FA Database

Annotated database of on-line sketched
diagrams from Finite Automata domain.

The Database

fa_diagram This is a database of on-line sketched diagrams from the finite automata (also known as finite state machine) domain. The purpose of the database is to provide a benchmark to algorithms for diagram recognition. It contains 300 diagrams drawn by 25 users. Each user was asked to draw 12 diagrams according to the given patterns. The data was collected with standard tablet PC Lenovo X61. The data are stored in InkML standard. Individual strokes contain information about position of the pen tip, time, and pressure. Annotation of symbols and relations among them is provided. Additionally, there is a meaning of the text assigned to text blocks and arrows have defined connection points.

Download

The database is divided into train dataset (11 users, 132 diagrams), validation dataset (7 users, 84 diagrams) and test dataset (7 users, 84 diagrams). It is free to download.

file: FA_database_1.1.zip
changelog:

  • Arrows contain annotation of their heads and shafts. If a head and a shaft were drawn by one stroke a proposed split point is annotated.

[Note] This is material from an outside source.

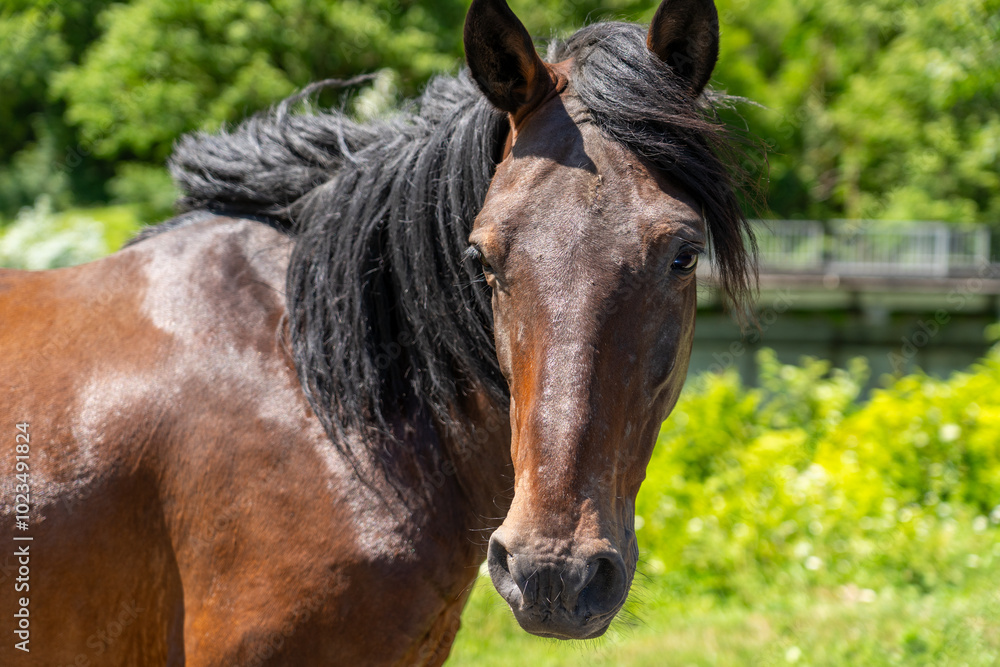 Fototapeta premium A brown horse with a flowing mane stands proudly in a verdant pasture, basking in the sunlight on a warm summer day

We also provide instances of the max-sum problem (a.k.a. discrete energy minimization/maximization) corresponding to the diagrams from the database. The instances were obtained using the recognition system described in the paper [2]. The instances are saved in a data format used by Troulbar2 (folder format_1) and in a format used by energy minimization community (folder format_2). We believe that these instances might be interesting for people doing research in optimization.

max-sum instances: FA_maxsum_1.1.zip

Parsing the Database

The database is stored in InkML format and thus it should be easy to parse. However, we describe how are symbols, connection points of arrows and relations annotated. The list of symbols in the database is following:

  • state
  • final state
  • arrow
  • label

Symbols are annotated in the following way. Let us note that annotation textMeaning is defined for labels only and the annotation connectionPointFrom with connectionPointTo are defined for arrows only. The elements head and shaft are defined for arrows only as well. These two elements contain a list of strokes, which is a subset of strokes of the whole symbol. The attributes from and to are defined only in the case that a stroke was split and just its one part is referenced. <traceGroup id="[id]">
  <annotation type="truth">[symbol_name]</annotation>
  <annotation type="textMeaning">[text_meaning]</annotation>
  <annotation type="connectionPointFrom">[relative_stroke_id] [point_id]</annotation>
  <annotation type="connectionPointTo">[relative_stroke_id] [point_id]</annotation>
  <traceView traceDataRef="[stroke_1_id]" />
  <traceView traceDataRef="[stroke_2_id]" />
  .
  .
  .
  <head>
   <traceView traceDataRef="[head_stroke_1_id]" from="[point_id]" to="[point_id]" />
   .
   .
   .
  </head>
  <shaft>
   <traceView traceDataRef="[shaft_stroke_1_id]" from="[point_id]" to="[point_id]" />
   .
   .
   .
  </shaft>
</traceGroup>
Relations are binary (initial arrow enrtering a state or a labeling of a symbol) or ternary (arrow connecting two symbols). In the case the relation is binary the third reference to a symbol is not defined and the first reference is always text (in the case of labeling) or arrow (in the case of arrow entering an initial state). In the case of ternary relation the first reference is the arrow, second reference is a symbol where is the arrow coming out and the second reference is the symbol the arrow is coming in. The list of relations in the database:

  • arrow_in
  • arrow_connection
  • text_inside
  • arrow_label

<symbolGroup id="[id]" arity="[arity_num]">
  <annotation type="truth">[relation_name]</annotation>
  <symbolView symbolDataRef="[symbol_1_id]" />
  <symbolView symbolDataRef="[symbol_2_id]" />
  <symbolView symbolDataRef="[symbol_3_id]" />
</symbolGroup>
Let us note that initial arrows are annotated the same way as arrows connecting two symbols. However, they might be easily found using the information about the reltionships.

References

If you use this database in your research, please, cite the paper [1].

[1] Bresler M., Van Phan T., Průša D., Nakagawa M., Hlaváč V.: Recognition system for on-line sketched diagrams. In: J.E. Guerrero (ed.) ICFHR 2014: Proceedings of the 14th International Conference on Frontiers in Handwriting Recognition, pp. 563-568. IEEE Computer Society, 10662 Los Vaqueros Circle, Los Alamitos, USA (2014). DOI 10.1109/ICFHR.2014.100 [pdf] [bib]
[2] Bresler M., Průša D., Hlaváč V..: On-line recognition of sketched arrow-connected diagrams. International Journal on Document Analysis and Recognition (IJDAR). DOI 10.1007/s10032-016-0269-z. To be published.